Valentines Day







London Times Asked Their Writers What They Thought of Valentines Day



AA Gill

Nothing fills the truly romantic soul with cock-blocking dread like Valentine's Day - the saint, by the way, who was martyred for performing weddings for soldiers. It is an oxymoronic day that does exactly the opposite of what it promises. It makes adolescent girls miserable with disappointment and self-conscious with anticipation. It makes shy boys catatonic and cocky ones grope-meisters of entitlement. Restaurants charge premiums, the world smells of champagne breath and you're pestered by gypsies selling hothouse roses from Kenya that cost twice as much as the wages of the people who pick them. It is a day of performance anxiety, promoting an agony of plucking, waxing, clenching and bunion-stuffing, and everything that isn't cynically mercantile is breathtakingly kitsch. It is the day when good taste goes to bed alone and pulls the duvet over its head.

Valentine's Day is the opposite of romantic: it's either a dull, grey pitch for matching bra and knicker sets or an apology for being a selfish, thoughtless, lazy, farting oaf for the other 364 days of the year.

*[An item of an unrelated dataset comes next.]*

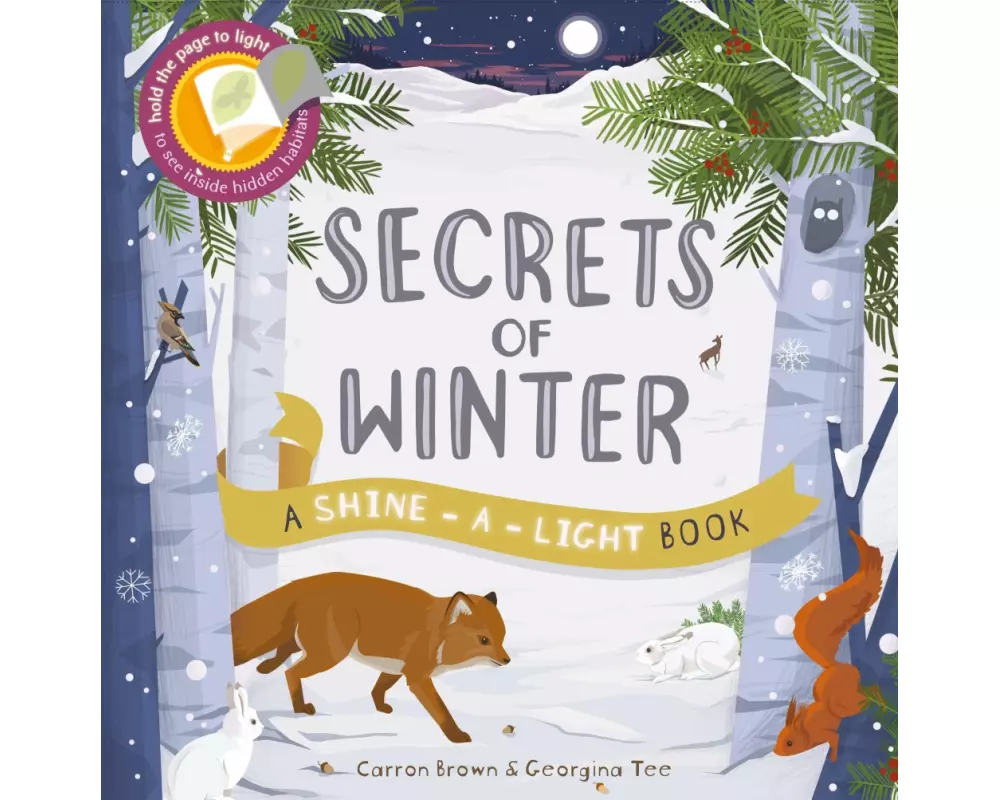 Shine a Light: Secrets of Winter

Saint Valentine became associated in the Middle Ages with chivalry and courtly love, which epitomises all the things that a single shag day isn't: it's romance as devotion, not seduction; it's commitment, not infatuation; it's often about deferred gratification and heightened expectation; it's a smoulder rather than a twerk.

Romance is not a surprise, it's trust. It's not a helium heart, it's a cup of tea every morning with a smile. When you look back on the romance of your life, Valentine's Day will never feature. No one ever had the best sex of their lives on Valentine's Day, and, if they did, it's because they've got appallingly low expectations.



Naomi Wolf

I believe in romantic love, and I don't think the cliched version of romance is rubbish. It's actually important. We live in an advanced capitalist economy that wants us to act like machines, and romantic love and sexuality are a counterweight to this materialistic, commodified world. It gives us a place to stand where the rest of the world can't dictate to us. Love is a revolutionary force, and what would be the point of life without it?

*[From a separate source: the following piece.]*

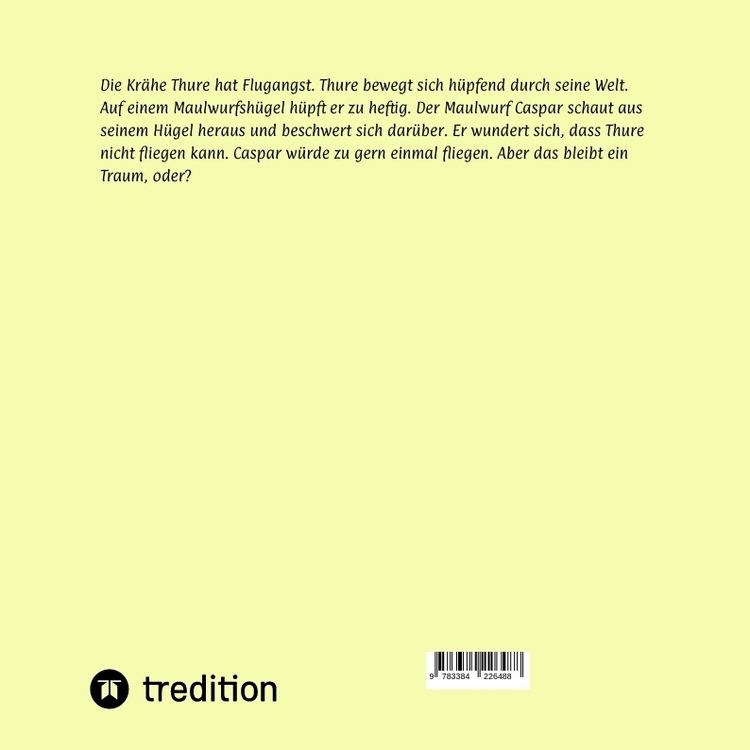 Produktbild: Thure und Caspar Zwei mutige Wiesenflieger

My father, who is 90 million years old, is a great romantic. He says that love is the greatest risk in life, and it's the only thing worth taking the risk for. So the dance of romance is really important. Bothering to make the people in your life feel special can be a life-changing power and gives us a place to stand outside of these pressures. So, yes, flowers! Yes, dinner! Yes, perfume! But Valentine's is not just the man's responsibility. When I was courting someone, at the beginning of our relationship I pulled out the stops and took him out to dinner somewhere ridiculously old-fashioned, got theatre tickets; it was really over the top, because I wanted to let him know how I felt. He was astonished that a woman had made all these gestures, as it's traditionally the man's role. The point was seduction, and it worked.

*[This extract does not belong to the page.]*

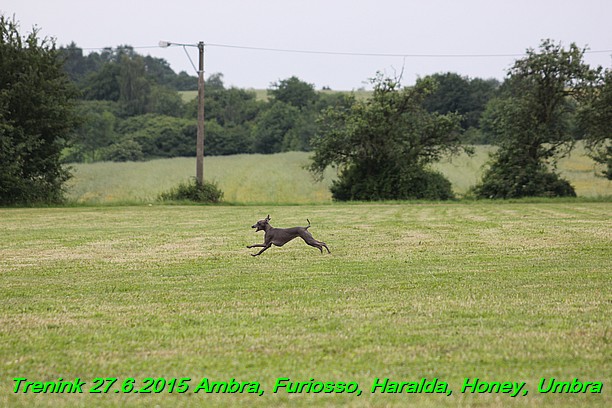 Trenink 27.6.2015 Honey, Umbra, Ambra, Furiosso, Haralda  27.6.2015 (108)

The general hetero courtship arrangement leaves men taking all the risks and experiencing all the rejection - that just increases hostility between the sexes. I believe in women taking the risks. I'm making plans to make someone feel good that day.





Jeremy Clarke

I'm 56. All my life, I have agreed with the idea that modern romance is rubbish. Romantic love? Please. All that cheese and chintz nonsense - do me a favour. Then, last summer, in France, I met a Californian, of all the surprising peoples of this earth, and the scales fell from my eyes. Now I get it. What a fool I've been. To spend Valentine's evening under the plane trees in an open-air restaurant in a Provencal village square, the set menu, peacock anenomes in a vase, drinking the local rose, then moving over to a bench beside the fountain, more bottles of rose cooling in the water, talking about anything and everything until we are surprised by the growing light of a new day, then standing up finally and wandering hand in hand is now my idea - sigh - of heaven. Sorry, guys.



Sophie Ward

I blame my mother. And my sister. Both are responsible for my hopeless attachment to Valentine's Day. My mother because she instilled in all her children a sense of occasion and celebration on the slimmest of premises. From neighbours' anniversaries to Lester Piggott's triumphs, a bottle was opened, a costume designed, an ice-cream party delivered. Rare was the day that passed without festivity. The first Valentine's Day I remember, I was three. My parents had a box of oysters, and we all sat on the bed and sang the Beach Boys - God Only Knows. So began my lifelong romance with romance.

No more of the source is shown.